Aucun doute ne subsiste chez les économistes et les juristes quant à l’interaction des phénomènes indissociables de leurs champs d’études respectifs. Par ailleurs, il est également reconnu que les mêmes chercheurs montrent une certaine réticence à surmonter les limites de leur discipline de manière à relativiser l’autonomie du droit et de l’économie[1].

En effet, si le droit et l’économie cherchent à comprendre l’agir humain soit pour simplement le connaître et l’expliquer, soit dans le but de l’encadrer ou encore d’encourager ou de décourager des comportements, il faut convenir qu’ils le font en se basant sur des hypothèses et des prémisses apparemment inconciliables. Cependant, il est temps de le reconnaître, dès lors que l’être humain est considéré comme un être rationnel et qui prend des décisions économiques reposant sur des analyses coût-avantage, la science économique peut contribuer, et elle y arrive effectivement, de manière substantielle à l’action du législateur et de l’interprète des normes juridiques. C’est ainsi que, en créant des règles pour régir le comportement humain, le législateur peut s’appuyer sur un outil essentiel en vue de la détermination des sanctions, même compensatoires, aptes à garantir l’effet des politiques publiques ou de l’ordre constitutionnel[2]. De son côté, l’interprète de la loi commence, en utilisant les hypothèses économiques, à s’appuyer sur une méthode capable de permettre l’atteinte des résultats souhaités et de garantir les valeurs constitutionnelles.

Il convient toutefois de noter qu’une interaction réelle entre ces deux domaines fait face à des difficultés sérieuses sur le plan des concepts et des prémisses. L’une de ces difficultés a trait à leur différence d’approche concernant le facteur temps : le droit présente à la base une tendance tout à fait stabilisatrice, qui valorise et consacre le principe de sécurité juridique, tandis que la nature essentiellement dynamique des faits économiques conduit à l’élaboration d’un encadrement sensible à cet aspect. C’est ainsi que le droit économique a développé son assise. En effet, cette discipline juridique présente, parmi ses principales caractéristiques, la maniabilité et la souplesse de ses règles afin qu’elles puissent réguler des faits dynamiques[3].

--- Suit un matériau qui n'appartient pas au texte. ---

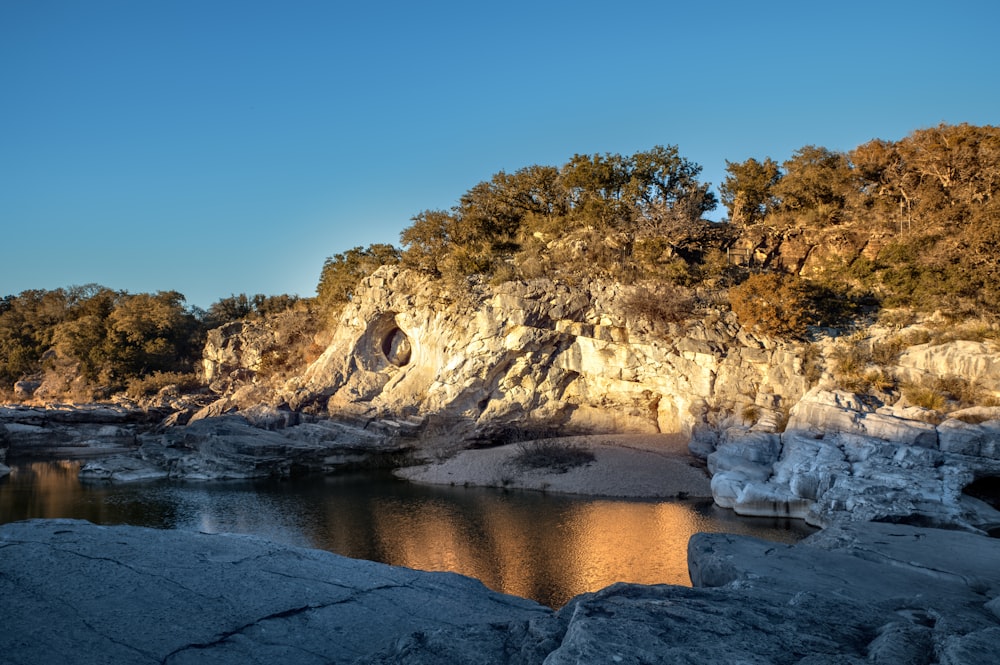 a body of water surrounded by rocks and trees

De nouvelles données s’imposent actuellement au droit économique et comportent un véritable défi à la pertinence et à l’efficacité de l’encadrement juridique des faits économiques : parmi ces données, se trouve la complexité croissante des faits économiques. Outre leur dynamisme, les faits économiques opposent aujourd’hui au droit de nouveaux aspects, dont il doit tenir compte. Parmi eux, se distingue le phénomène dit de la « nouvelle économie », englobant les entreprises, les produits et les pratiques technologiques, qui impose une révision du cadre juridique de données premières telles que l’espace, le temps et le contrat[4].

Certes, il est aisé de comprendre que, d’une manière ou d’une autre, l’étude des interactions entre le droit et l’économie a toujours été présente. En particulier dans un passé récent, c’est-à-dire après les grandes guerres du xxe siècle, beaucoup de discussions ont porté, et c’est encore le cas d’ailleurs, sur les limites et l’importance d’une intervention plus ou moins poussée de l’État dans l’économie. Dans un contexte d’État de droit, une telle intervention, pour être légitime, nécessite la conception et l’efficacité de règles juridiques relatives aux faits économiques.

À cet égard, nous observons un phénomène que certains auteurs décrivent comme la persistance d’un mouvement « pendulaire » ou « ondulatoire » en ce sens que dans l’histoire de l’humanité domine parfois une plus grande croyance dans le marché, et parfois une plus grande croyance dans l’État en tant qu’agent limitatif nécessaire de l’action du pouvoir économique privé. Par contre, à certains moments de l’histoire, il y a valorisation de la libre entreprise et de l’initiative, qui privilégie le pouvoir économique privé, et cela, souvent en réaction à un régime autoritaire ou comme un moyen de consolider des valeurs individualistes. En contrepartie, à certains autres moments, la nécessité d’une ingérence de l’État dans le marché s’impose comme un moyen de sauvegarder des valeurs sociales, notamment une répartition plus égalitaire de la richesse, ou de contenir des comportements agressifs du pouvoir économique privé.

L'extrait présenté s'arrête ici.